2–5 Jun 2026
Europe/London timezone

Narrating Futures Otherwise: Complexity, Hope, and the Politics of Imagination in Transitional Colombia

WE03
3 Jun 2026, 15:00
1h 30m
Roundtable Peacekeeping, Peacebuilding and Human Rights Working Group

Description

This roundtable convenes scholars focused on Colombia’s transitional process to examine how narratives and visions of the future are created, experienced, and contested in the wake of armed conflict. In mainstream peacebuilding discourse, the future is often portrayed through the lenses of hope, reconciliation, and progress. Yet, the everyday perspectives shared by victims, ex-combatants, and local communities reveal more intricate, ambivalent, and at times unsettling temporalities.

Participants will discuss how these future-oriented imaginaries both sustain and challenge the transitional project: how they intertwine memory, affect, and political expectation; how they articulate uncertainty and waiting as lived temporalities; and how they redefine what “peace” might mean beyond institutional or developmental frameworks. Engaging theoretical, ethnographic, and conceptual perspectives, the roundtable seeks to rethink the role of imagination in transitional contexts — not merely as a horizon of hope, but as a contested field where justice, recognition, and belonging are continuously negotiated.
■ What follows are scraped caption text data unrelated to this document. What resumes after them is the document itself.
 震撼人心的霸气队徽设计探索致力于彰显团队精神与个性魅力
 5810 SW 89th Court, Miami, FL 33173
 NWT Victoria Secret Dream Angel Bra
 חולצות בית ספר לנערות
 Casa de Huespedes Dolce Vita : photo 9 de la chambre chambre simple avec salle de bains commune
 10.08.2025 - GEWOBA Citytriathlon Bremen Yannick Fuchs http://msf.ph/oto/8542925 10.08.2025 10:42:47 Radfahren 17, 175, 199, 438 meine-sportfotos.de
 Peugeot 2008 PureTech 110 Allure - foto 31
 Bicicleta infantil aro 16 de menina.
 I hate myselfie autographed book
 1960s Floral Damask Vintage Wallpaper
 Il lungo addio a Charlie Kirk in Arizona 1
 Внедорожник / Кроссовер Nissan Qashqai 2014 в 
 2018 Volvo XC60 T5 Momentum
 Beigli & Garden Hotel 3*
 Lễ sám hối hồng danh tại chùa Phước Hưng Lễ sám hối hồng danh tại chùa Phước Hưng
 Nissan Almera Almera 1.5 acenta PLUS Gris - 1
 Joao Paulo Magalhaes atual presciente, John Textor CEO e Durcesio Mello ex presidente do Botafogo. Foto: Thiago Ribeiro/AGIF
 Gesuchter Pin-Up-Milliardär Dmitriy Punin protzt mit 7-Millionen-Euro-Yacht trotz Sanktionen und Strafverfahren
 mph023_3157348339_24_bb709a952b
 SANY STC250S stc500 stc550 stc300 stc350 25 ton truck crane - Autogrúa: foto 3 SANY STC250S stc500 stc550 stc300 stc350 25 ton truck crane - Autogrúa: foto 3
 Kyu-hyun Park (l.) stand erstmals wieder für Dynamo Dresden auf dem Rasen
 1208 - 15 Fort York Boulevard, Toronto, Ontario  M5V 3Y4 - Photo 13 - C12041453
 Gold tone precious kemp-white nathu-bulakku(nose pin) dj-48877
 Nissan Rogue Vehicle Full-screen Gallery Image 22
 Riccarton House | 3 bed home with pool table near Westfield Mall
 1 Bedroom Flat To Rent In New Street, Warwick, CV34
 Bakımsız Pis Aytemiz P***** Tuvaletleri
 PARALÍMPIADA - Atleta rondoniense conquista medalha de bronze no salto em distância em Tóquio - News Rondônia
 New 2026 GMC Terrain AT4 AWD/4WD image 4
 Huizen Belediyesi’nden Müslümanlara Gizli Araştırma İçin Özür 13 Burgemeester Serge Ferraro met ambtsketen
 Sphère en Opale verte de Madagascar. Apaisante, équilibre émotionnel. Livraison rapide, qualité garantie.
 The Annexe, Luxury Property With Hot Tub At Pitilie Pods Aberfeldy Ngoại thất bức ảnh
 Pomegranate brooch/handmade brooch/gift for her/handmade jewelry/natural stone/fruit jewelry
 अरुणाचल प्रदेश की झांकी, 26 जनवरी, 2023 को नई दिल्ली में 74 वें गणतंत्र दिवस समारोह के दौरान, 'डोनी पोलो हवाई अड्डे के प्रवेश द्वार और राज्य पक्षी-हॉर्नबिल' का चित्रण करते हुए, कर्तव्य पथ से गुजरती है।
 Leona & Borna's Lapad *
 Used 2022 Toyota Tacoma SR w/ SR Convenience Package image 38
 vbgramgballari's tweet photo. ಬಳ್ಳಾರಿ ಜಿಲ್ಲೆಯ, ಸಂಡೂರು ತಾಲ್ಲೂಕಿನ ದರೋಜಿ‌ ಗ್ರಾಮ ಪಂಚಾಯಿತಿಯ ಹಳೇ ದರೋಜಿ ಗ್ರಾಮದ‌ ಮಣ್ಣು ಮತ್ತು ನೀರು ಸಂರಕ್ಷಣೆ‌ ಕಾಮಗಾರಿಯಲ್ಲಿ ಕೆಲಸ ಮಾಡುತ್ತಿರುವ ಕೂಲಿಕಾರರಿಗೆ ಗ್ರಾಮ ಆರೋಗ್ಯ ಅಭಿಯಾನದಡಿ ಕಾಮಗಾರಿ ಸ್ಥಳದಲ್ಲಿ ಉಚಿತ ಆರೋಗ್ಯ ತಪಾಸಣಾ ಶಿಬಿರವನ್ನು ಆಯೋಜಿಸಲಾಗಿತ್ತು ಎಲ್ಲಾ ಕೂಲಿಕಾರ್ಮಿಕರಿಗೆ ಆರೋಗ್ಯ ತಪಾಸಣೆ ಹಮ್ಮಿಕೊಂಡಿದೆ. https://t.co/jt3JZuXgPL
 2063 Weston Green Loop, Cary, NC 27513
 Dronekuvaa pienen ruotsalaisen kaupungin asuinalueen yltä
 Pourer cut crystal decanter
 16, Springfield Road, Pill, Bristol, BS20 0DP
Considering Colombia’s current context — marked by persistent violence, social unrest, and renewed forms of exclusion — reflecting on the politics of futurity becomes both urgent and complex. The roundtable asks how narratives of the future emerge amid ongoing instability, and how they shape (or are shaped by) the fragile temporality of transition itself. By centring Colombia, it invites a broader reflection on who gets to imagine the future, which futures remain unthinkable, and how the turbulent present complicates the very possibility of imagining transformation.